La storia del giornalista, abusivo come era definito da tutti, Giancarlo Siani di Torre Annunziata, barbaramente ucciso dalla camorra a causa di una sua inchiesta dedicata agli appalti truccati per la ricostruzione delle abitazioni dei terremotati dell’Irpinia.
Nel “dopo Gomorra” Risi crea una pellicola che desidera toccare le medesime corde morali del pubblico. Una pellicola che è stata premiata ma non troppo. Vista ma non osannata almeno non quanto il film a episodi tratto dal bestseller di Roberto Saviano. Sfruttando quindi un inevitabile effetto rimorchio e traendo spunto e titolo da una battuta dello stesso Siani, che a pochi mesi dal suo omicidio definì, dalle colonne del Mattino: “Fortapasc” il paese di Torre Annunziata, da sempre in mano alla camorra e nel bel mezzo di una guerra fra bande rivali. Da questa breve definizione il regista, con l’aiuto di Carrington e Purgatori, permette a Libero De Rienzo, più noto per parti decisamente più leggere, su tutte Santa Maradona, di dare sfogo alle parole alle vicende di un giornalista che ancora giornalista non era, Siani divenne praticante presso il Mattino di Napoli solamente pochi mesi prima di essere assassinato di fronte alla sua abitazione.

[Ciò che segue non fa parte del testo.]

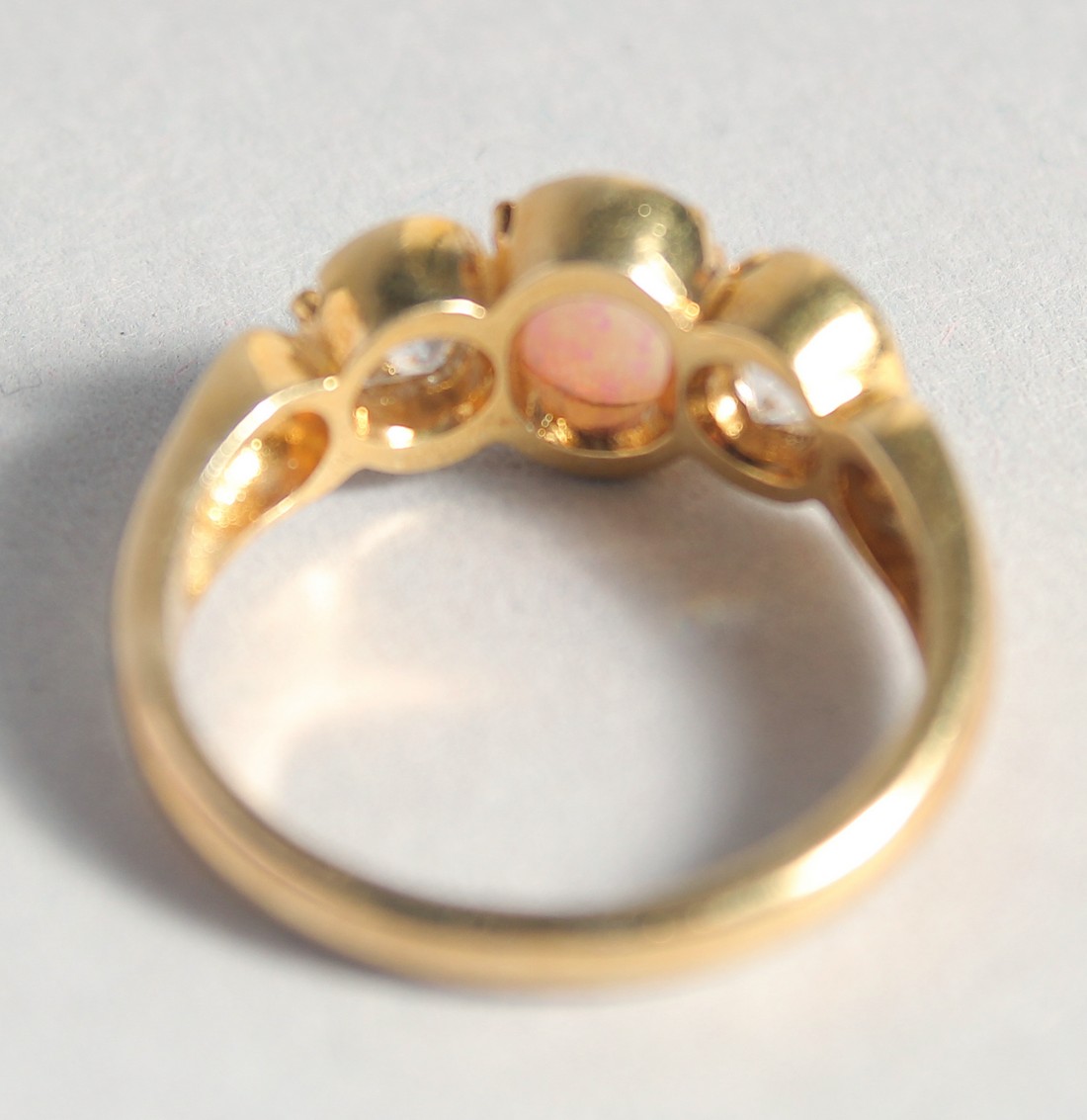 A SILVER 18ct. GOLD-PLATED OPAL AND CUBIC ZIRCONIA RING. - Image 3 of 3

La somiglianza fra i due alla fine diviene più ideale che fisica. Siani e De Rienzo divengono una persona sola. Entrambi ragazzi poco più che ventenni. Entrambi, almeno nella finzione scenica, che cullano il sogno di poter lavorare come giornalisti, senza però smarrire l’innocenza della loro giovinezza fatta di amicizia e amore e cercando comunque di svolgere la professione del reporter parlando anche di argomenti scomodi, soprattutto in luoghi ove solitamente si paga a caro prezzo l’audacia di certe scelte professionali. Ove l’essere “giornalisti – giornalisti”, e non banali impiegati della carta stampata, può portare a una fine prematura. La figura di Siani prende corpo in una location che pare la Beirut post bombardamenti, ove un ottimo Ennio Fantastichini, sindaco di “Fortàpasc” (alias Torre Annunziata) spadroneggia al fianco della criminalità organizzata cercando di giustificarsi per una ricostruzione sempre annunciata ma mai iniziata.
Un film toccante, utile per ricordare e soprattutto non dimenticare e a cui il volto e la mascella serrata di De Rienzo, davanti ai revolver dei suoi killer, donano un tocco agrodolce finale.